Quantitative FinancePortfolio TheoryMarkowitzDiversification

Terminology

Term	Definition
Portfolio	A collection of assets (stocks, bonds, etc.) held together, each with a weight $w_i$ representing its fraction of total investment, where $\sum w_i = 1$
Expected Return	The weighted average of individual asset returns: $E[R_p] = \sum_{i=1}^{n} w_i \cdot E[R_i]$
Variance ($\sigma^2$)	A measure of how spread out returns are around the mean. Higher variance means more uncertainty
Standard Deviation ($\sigma$)	The square root of variance, used as the primary measure of risk in portfolio theory because it shares units with returns
Covariance ($\sigma_{ij}$)	A measure of how two assets move together. Positive covariance means they tend to rise and fall in tandem; negative means they move oppositely
Correlation ($\rho_{ij}$)	Normalized covariance: $\rho_{ij} = \sigma_{ij} / (\sigma_i \cdot \sigma_j)$, bounded between $-1$ and $+1$. Correlation of $+1$ means perfect co-movement, $-1$ means perfect opposition
Covariance Matrix ($\Sigma$)	An $n \times n$ symmetric matrix where entry $(i,j)$ is $\sigma_{ij}$. Encodes all pairwise risk relationships between $n$ assets
Efficient Frontier	The set of portfolios that offer the highest expected return for each level of risk. No portfolio below the frontier is rational to hold
Mean-Variance Optimization	The Markowitz framework for finding optimal portfolio weights by minimizing variance for a target return, or maximizing return for a target variance
Sharpe Ratio	Risk-adjusted return: $(E[R_p] - R_f) / \sigma_p$, where $R_f$ is the risk-free rate. Higher is better. The tangency portfolio maximizes this ratio

What & Why

"Don't put all your eggs in one basket" is ancient wisdom. Harry Markowitz proved it mathematically in 1952, and won a Nobel Prize for it in 1990. The core insight: when you combine assets that do not move in perfect lockstep, the portfolio's risk is strictly less than the weighted average of individual risks. Diversification is not just a heuristic. It is a theorem.
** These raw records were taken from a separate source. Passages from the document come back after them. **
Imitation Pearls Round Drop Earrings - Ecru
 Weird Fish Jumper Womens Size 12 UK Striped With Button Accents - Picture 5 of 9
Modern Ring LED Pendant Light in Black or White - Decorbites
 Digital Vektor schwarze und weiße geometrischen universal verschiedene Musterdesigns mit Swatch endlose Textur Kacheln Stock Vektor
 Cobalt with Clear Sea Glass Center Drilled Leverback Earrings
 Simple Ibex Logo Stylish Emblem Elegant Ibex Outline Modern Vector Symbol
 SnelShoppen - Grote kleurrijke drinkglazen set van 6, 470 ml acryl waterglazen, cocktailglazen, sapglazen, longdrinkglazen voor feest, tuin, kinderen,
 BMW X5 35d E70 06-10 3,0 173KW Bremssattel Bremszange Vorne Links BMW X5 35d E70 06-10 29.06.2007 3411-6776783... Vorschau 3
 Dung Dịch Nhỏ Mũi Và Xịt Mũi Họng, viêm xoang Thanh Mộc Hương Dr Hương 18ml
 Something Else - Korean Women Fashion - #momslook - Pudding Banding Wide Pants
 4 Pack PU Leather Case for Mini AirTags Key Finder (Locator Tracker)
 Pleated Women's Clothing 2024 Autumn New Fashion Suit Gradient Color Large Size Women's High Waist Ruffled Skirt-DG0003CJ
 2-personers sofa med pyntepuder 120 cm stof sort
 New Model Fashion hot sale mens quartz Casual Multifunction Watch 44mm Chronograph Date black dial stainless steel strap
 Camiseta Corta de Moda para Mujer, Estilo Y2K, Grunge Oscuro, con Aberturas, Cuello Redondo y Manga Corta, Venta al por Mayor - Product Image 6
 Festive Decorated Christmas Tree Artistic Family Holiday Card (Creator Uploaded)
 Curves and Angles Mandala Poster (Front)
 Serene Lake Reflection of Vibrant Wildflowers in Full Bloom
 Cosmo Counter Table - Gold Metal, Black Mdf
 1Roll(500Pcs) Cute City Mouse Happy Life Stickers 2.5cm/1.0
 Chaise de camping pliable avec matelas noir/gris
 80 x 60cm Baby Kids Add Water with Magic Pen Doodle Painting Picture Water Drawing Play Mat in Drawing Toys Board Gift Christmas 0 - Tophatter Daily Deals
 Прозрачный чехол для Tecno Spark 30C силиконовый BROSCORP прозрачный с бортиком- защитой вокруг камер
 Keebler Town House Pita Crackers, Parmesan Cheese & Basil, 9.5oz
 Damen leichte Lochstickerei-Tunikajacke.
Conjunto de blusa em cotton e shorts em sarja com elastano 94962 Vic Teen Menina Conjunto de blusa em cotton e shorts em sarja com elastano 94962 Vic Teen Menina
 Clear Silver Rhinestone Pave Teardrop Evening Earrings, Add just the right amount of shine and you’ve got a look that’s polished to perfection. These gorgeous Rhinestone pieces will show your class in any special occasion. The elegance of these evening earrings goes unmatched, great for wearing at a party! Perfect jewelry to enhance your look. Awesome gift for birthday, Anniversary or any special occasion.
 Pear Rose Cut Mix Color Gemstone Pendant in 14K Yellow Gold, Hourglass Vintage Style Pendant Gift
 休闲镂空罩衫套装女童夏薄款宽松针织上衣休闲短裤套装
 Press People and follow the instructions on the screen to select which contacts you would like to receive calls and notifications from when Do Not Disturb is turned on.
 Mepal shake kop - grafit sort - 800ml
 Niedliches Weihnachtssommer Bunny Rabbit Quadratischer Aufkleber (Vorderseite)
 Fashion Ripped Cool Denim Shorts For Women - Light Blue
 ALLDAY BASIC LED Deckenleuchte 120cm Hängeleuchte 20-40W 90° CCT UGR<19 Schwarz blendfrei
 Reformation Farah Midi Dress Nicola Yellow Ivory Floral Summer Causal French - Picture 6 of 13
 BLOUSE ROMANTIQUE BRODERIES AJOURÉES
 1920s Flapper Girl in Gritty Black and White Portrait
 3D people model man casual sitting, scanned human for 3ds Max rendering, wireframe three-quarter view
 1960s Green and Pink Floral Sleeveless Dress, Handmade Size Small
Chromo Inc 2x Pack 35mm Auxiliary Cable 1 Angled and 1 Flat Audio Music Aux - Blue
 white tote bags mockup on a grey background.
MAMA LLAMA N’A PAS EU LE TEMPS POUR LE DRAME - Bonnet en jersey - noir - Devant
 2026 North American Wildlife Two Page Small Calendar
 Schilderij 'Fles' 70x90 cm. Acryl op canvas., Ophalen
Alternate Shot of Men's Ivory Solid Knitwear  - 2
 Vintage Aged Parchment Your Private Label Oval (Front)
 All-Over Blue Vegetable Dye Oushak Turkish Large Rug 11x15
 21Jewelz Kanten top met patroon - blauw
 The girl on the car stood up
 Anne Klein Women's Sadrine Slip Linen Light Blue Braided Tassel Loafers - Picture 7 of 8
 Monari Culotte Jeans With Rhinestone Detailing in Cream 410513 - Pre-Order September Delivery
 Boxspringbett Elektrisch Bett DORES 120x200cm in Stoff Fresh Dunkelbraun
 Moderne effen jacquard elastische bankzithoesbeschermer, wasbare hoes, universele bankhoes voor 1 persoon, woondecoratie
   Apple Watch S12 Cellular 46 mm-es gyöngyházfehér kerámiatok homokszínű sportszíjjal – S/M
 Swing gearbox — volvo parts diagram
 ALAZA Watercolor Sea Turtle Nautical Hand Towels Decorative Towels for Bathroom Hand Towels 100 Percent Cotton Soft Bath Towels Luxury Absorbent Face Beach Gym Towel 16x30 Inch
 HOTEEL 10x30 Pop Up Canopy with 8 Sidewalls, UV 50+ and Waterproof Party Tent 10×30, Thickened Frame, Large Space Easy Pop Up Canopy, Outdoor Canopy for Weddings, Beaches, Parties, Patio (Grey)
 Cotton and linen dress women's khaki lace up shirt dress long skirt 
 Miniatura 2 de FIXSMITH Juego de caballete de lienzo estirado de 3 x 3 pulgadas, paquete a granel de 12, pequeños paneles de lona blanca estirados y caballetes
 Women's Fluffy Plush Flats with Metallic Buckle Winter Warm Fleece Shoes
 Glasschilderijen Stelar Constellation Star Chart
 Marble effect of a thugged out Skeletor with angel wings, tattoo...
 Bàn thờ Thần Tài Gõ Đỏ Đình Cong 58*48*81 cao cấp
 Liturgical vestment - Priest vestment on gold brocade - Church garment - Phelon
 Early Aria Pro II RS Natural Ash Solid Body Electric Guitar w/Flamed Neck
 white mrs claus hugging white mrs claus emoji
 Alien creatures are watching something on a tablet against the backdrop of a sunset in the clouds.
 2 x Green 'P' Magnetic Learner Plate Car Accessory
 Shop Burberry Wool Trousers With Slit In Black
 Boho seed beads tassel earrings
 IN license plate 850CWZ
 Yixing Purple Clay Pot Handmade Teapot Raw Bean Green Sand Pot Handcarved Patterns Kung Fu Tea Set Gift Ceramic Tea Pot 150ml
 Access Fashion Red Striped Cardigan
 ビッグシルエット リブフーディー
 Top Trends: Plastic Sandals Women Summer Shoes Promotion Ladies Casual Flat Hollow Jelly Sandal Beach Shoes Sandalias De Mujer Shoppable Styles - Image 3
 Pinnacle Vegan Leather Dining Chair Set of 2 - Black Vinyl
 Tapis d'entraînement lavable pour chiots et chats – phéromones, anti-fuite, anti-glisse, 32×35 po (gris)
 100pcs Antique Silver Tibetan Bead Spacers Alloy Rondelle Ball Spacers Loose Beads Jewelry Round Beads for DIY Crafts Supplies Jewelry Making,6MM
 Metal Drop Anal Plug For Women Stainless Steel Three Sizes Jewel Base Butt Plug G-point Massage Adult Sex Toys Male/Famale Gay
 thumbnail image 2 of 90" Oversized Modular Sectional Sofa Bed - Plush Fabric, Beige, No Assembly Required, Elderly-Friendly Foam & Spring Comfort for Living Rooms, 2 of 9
This matters because investors face a fundamental trade-off between risk and return. Higher expected returns generally come with higher volatility. But Markowitz showed that by carefully choosing portfolio weights, you can reduce risk without reducing expected return, or increase expected return without increasing risk. The set of portfolios that achieve this optimal trade-off forms the efficient frontier.

For computer scientists, portfolio optimization is a constrained quadratic programming problem. The objective function is quadratic (portfolio variance involves products of weights), the constraints are linear (weights sum to 1, optional bounds on individual weights), and the solution space is continuous. This makes it a clean, well-studied optimization problem with direct connections to linear algebra, convex optimization, and numerical methods.

The inputs to the problem are:

Expected returns vector $\boldsymbol{\mu}$: an $n$-dimensional vector of predicted returns for each asset
Covariance matrix $\Sigma$: an $n \times n$ matrix encoding how assets co-move
Constraints: weights sum to 1, optional lower/upper bounds, optional sector limits

The output is a weight vector $\mathbf{w}$ that tells you how much to invest in each asset. The elegance of the framework is that all the complexity of diversification collapses into matrix algebra.

How It Works

Portfolio Return and Risk

For a portfolio of $n$ assets with weights $\mathbf{w} = [w_1, w_2, \ldots, w_n]$, the expected return is simply the weighted sum:

$E[R_p] = \mathbf{w}^T \boldsymbol{\mu} = \sum_{i=1}^{n} w_i \cdot E[R_i]$

Portfolio variance is where things get interesting. It is not just the weighted sum of individual variances. It includes every pairwise covariance:

$\sigma_p^2 = \mathbf{w}^T \Sigma \mathbf{w} = \sum_{i=1}^{n} \sum_{j=1}^{n} w_i \cdot w_j \cdot \sigma_{ij}$

For two assets, this expands to:

$\sigma_p^2 = w_1^2 \sigma_1^2 + w_2^2 \sigma_2^2 + 2 w_1 w_2 \sigma_{12}$

The cross-term $2 w_1 w_2 \sigma_{12}$ is the key to diversification. When $\sigma_{12} < \sigma_1 \cdot \sigma_2$ (correlation less than 1), the portfolio variance is less than the weighted average of individual variances.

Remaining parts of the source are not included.